Several African nations sent ambassadors who presented elephants and rhinoceroses as tribute to China. In 1415, Malindi presented a giraffe. The final tribute mission from Malindi was in 1416, but it is not known which local products were presented to the Ming court.

According to Zheng He's two inscriptions, Mogadishu presented zebras (huafulu) and lions as tribute to them during the fifth voyage. The inscriptions also noted that Brava presented camels and ostriches as tribute during the voyage. Brava sent a total of four tribute missions to China from 1416 to 1423.

Aden had sent tribute giraffes on the fifth and sixth voyages, but the one on the fifth never arrived in China. Mecca had also sent them on the seventh voyage. The giraffes were not likely to be native to Aden or Mecca. Bengal also sent a tribute giraffe, although it was said that it was a re-export from Malindi.
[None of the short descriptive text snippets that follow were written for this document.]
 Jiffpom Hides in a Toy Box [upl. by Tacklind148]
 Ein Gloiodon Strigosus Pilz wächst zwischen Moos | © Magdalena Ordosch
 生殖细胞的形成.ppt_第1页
Between 30 December 1418 and 27 January 1419, Ming China's treasure fleet visited Yemen under the reign of Al Malik al Nasir. The Chinese envoy, presumably Admiral Zheng He, was accompanied by the Yemeni envoy Kadi Wazif al-Abdur Rahman bin-Zumeir who escorted him to the Yemeni court. The Chinese brought gifts equivalent to 20,000 miscals, comprising expensive perfumes, scented wood, and Chinese potteries. The Yemeni ruler sent luxury goods made from coral at the port of Ifranza, wild cattle and donkeys, domesticated lion cubs, and wild and trained leopards in exchange. The Yemeni envoy accompanied the Chinese to the port of Aden with the gifts, which maintained trade under the facade of gift exchange.
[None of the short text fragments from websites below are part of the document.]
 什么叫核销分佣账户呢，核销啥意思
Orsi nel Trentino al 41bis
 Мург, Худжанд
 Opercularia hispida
In 1405–1406, 1408-1410 and 1417, the treasure fleet under Zheng He visited the kingdoms of the Philippines such as Pangasinan, Manila, Mindoro and Sulu, establishing tributary relations and even stationing a "governor", Ko-ch'a-lao, to oversee them. These visits helped to elevate Sulu into a major centre of commerce.

The passage of the treasure fleet precipitated the formation of a tributary relationship with Brunei in 1405. The Ming subsequently invested the new ruler of Brunei in 1408 while the Bruneian royals were visiting China, and freed Brunei from paying tribute to the Majapahit, which in 1407 had been successfully pressured by show of force into apologising for the mistaken killing of Ming soldiers.